— ABOUT THIS EXERCISE —
Would you write out the full listing exactly, without any pictures?

___ RECORDS TO PROCESS ___

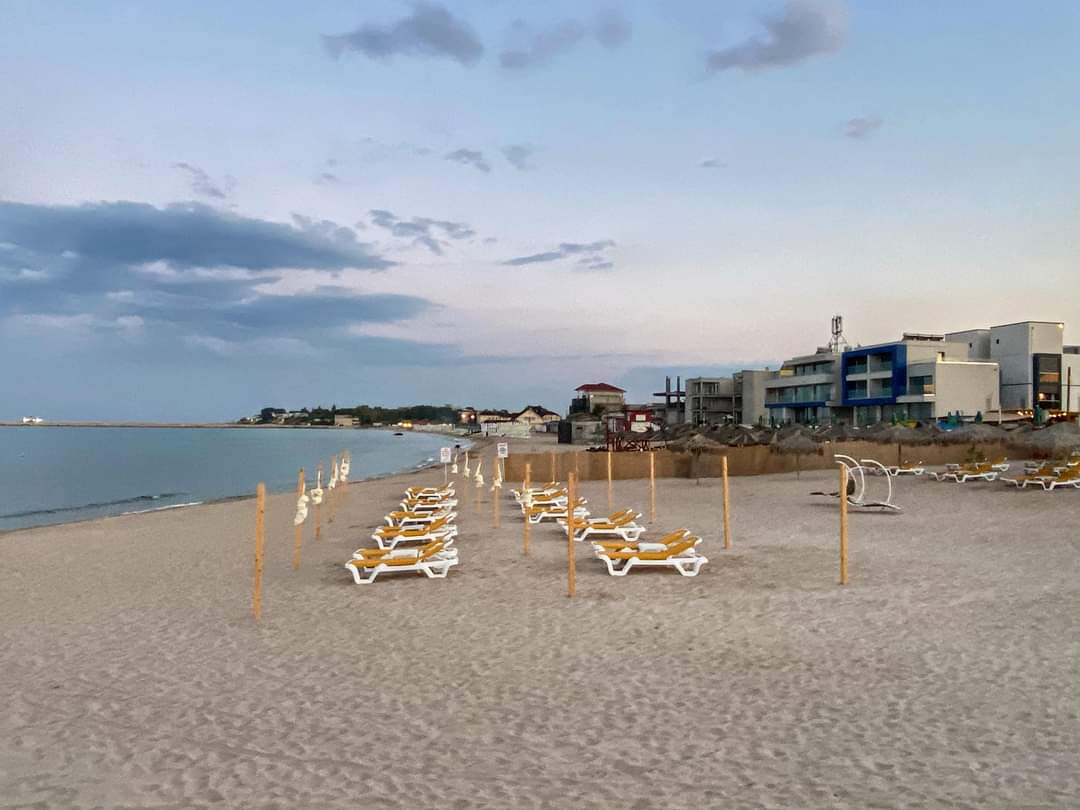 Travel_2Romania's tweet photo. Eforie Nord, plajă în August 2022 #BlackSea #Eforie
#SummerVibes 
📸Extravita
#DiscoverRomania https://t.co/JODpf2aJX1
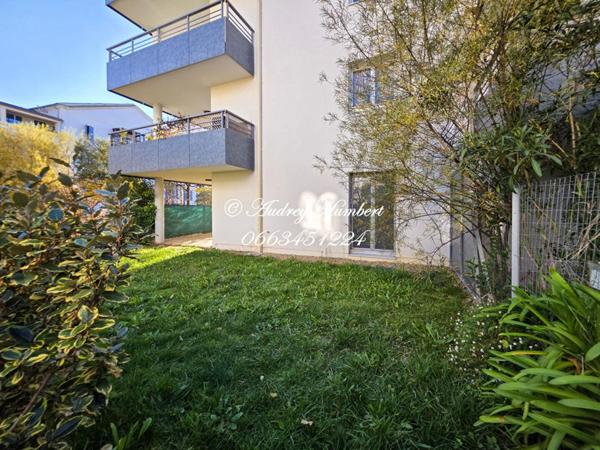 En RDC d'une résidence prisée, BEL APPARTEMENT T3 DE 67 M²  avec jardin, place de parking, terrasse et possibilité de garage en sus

___

— SOLUTION BELOW —
 Travel_2Romania's tweet photo. Eforie Nord, plajă în August 2022 #BlackSea #Eforie
#SummerVibes 
📸Extravita
#DiscoverRomania https://t.co/JODpf2aJX1
 En RDC d'une résidence prisée, BEL APPARTEMENT T3 DE 67 M²  avec jardin, place de parking, terrasse et possibilité de garage en sus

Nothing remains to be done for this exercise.